[x86] Mov0LblCmp0Jne optimisation improvement
Summary
This merge request improves the "Mov0LblCmp0Je -> Mov0JmpLblCmp0Je" optimisation to work when an alignment hint appears before the label.
System
- Processor architecture: i386, x86_64
What is the current bug behavior?
If an alignment hint appears before the label at the moment the peephole optimizer scans the code (the align may get removed later), the "Mov0LblCmp0Je -> Mov0JmpLblCmp0Je" is not performed when it's otherwise possible.
What is the behavior after applying this patch?
More occurrances of "Mov0LblCmp0Je -> Mov0JmpLblCmp0Je" should happen.
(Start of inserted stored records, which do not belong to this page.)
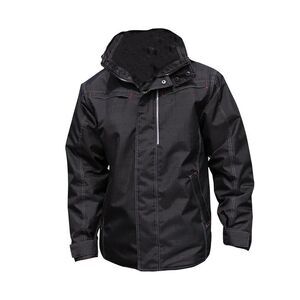 Result Mens Waterproof Denim Textured Rugged Jacket / Black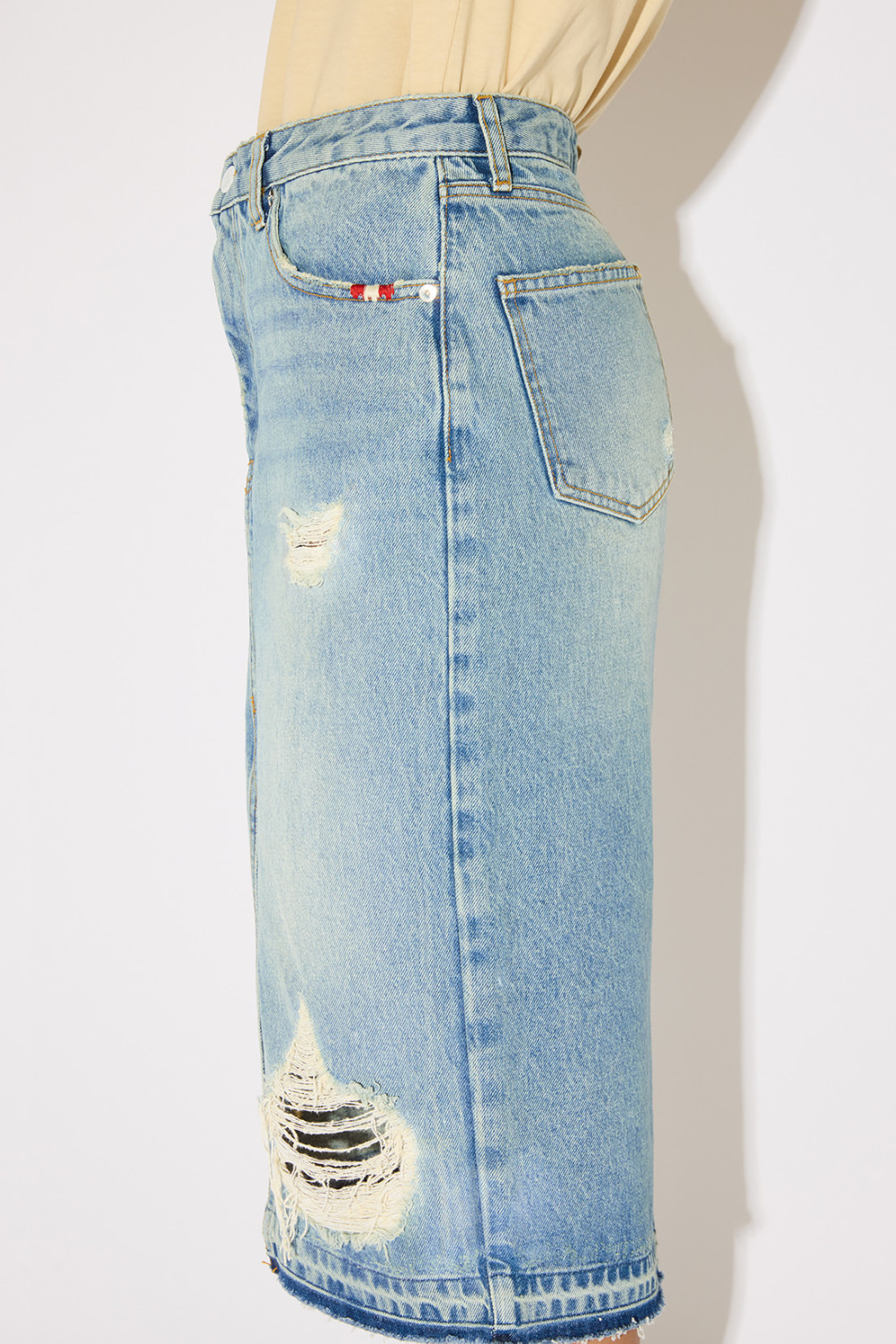 AMISH: DAYANA SKIRT IN DENIM 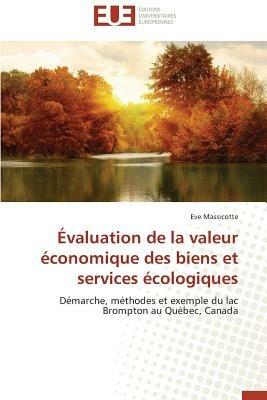 valuation de la Valeur  conomique Des Biens Et Services  cologiques - Massicotte-E - cover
Relevant logs and/or screenshots
For a simple case, in the agx86nsm
unit of the compiler (x86_64-win64, -O4), before:
...
call ASSEMBLE$_$TEXTERNALASSEMBLEROUTPUTFILE_$__$$_ASMWRITE$SHORTSTRING
xorb %dil,%dil
.Lj124:
testb %dil,%dil
je .Lj128
...
After:
...
call ASSEMBLE$_$TEXTERNALASSEMBLEROUTPUTFILE_$__$$_ASMWRITE$SHORTSTRING
xorb %dil,%dil
jmp .Lj128
.Lj124:
testb %dil,%dil
je .Lj128
...
A cascade optimisation in the db
unit of the RTL, which is made possible by this optimisation using GetNextInstructionUsingReg
- before:
...
.Lj6170:
movb $1,%r13b
jmp .Lj6174
...
xorb %r13b,%r13b
addq $1,(%rbx) ; <-- GetNextInstructionUsingReg can skip over this instruction and look at the label.
.Lj6182:
testb %r13b,%r13b
je .Lj6170
...
After:
...
.Lj6170:
movb $1,%r13b
jmp .Lj6174
...
xorb %r13b,%r13b
addq $1,(%rbx)
movb $1,%r13b ; <-- OptPass2JMP replaces "jmp .Lj6170" with copies of the mov and the jmp that appear after that label.
jmp .Lj6174
.Lj6182:
testb %r13b,%r13b
je .Lj6170
...
Additional notes
With some additional work, the db
optimisation can be improved further, especially as xorb %r13b,%r13b
now writes a value that is immediately overwritten by movb $1,%r13b
. This is not yet caught because that is a Pass 1 optimisation while "Mov0LblCmp0Je -> Mov0JmpLblCmp0Je" is Pass 2.